Senin, 18 Januari 2016

Memasuki Dunia Kerja Di Jepang (Pertama Kali)


Setiap orang yang baru pertama kali masuk ke dunia kerja, tentunya akan berhadapan dengan yang namanya grogi, takut, bahkan stress. Bagaimana ketika nanti berhadapan dengan atasan? Atau berhadapan dengan rekan-rekean kerja yang sebelumnya tidak pernah saling kenal? Atau mungkin kita dihinggapi rasa takut kalau kalau kita tidak bisa beradaptasi dengan lingkungan baru. Mungkin yang sudah mempunyai pengalaman kerja sebelumnya tidak akan se-rempong ini tingkat groginya. Karena sudah pernah melewati fase pengalaman kerja pertama kali, mereka mungkin akan lebih tenang menyikapi lingkungan baru di dunia kerjanya.

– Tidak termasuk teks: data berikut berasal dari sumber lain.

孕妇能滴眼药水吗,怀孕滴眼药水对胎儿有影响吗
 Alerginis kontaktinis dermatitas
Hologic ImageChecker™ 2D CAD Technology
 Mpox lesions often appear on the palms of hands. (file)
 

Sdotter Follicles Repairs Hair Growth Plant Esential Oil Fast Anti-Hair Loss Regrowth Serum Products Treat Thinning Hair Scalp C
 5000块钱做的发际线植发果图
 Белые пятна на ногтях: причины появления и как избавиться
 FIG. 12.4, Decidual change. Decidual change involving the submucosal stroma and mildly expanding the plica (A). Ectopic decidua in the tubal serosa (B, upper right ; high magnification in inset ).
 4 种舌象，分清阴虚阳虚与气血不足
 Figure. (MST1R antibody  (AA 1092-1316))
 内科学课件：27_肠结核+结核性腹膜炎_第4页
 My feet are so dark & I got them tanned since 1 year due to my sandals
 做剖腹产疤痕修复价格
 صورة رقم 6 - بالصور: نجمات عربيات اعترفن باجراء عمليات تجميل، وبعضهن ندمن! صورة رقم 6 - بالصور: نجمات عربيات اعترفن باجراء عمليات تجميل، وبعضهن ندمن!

Kali ini saya ingin bercerita tentang pengalaman kerja pertama saya setelah lulus kuliah tahun 2011 kemarin. Sekalinya kerja langsung memasuki dunia baru yang tingklat stressnya 2 kali lipat atau bahkan lebih.  Saya tidak sedang berbicara lebay, jujur saya mengakui bahwa bekerja di Negara orang memang butuh tenaga extra, otak yang diharuskan untuk selalu berpikir dalam mencerna bahasa yang mereka sampaikan atau yang ingin kita sampaikan, serta terakhir butuh hati atau mental yang super duper kuatnya. Yang ketiga itu wajib dimiliki banget!

Kebanyakan, orang jepang gigih dan disiplin sekali dalam bekerja. Masuk kerja lenih awal, pulang lebih lambat. Kalau terlambat walaupun sudah ijin sebelumnya bakal terlambat entah karena kereta yang telat, macet atau karena alasan  lainnya tetap saja ketika datang ke tempat kerja mereka akan merasa sangat malu karena terlambat. Saya jadi ingat ketika jaman sekolah dari SD sampai jaman kuliah sering sekali terlambat masuk. Walaupun sering pula mendapat hukuman-hukuman dari guru atau pak satpam penjaga sekolah, ya tetep saja masih membudayakan keterlambatan! (tak baik dicontoh :D).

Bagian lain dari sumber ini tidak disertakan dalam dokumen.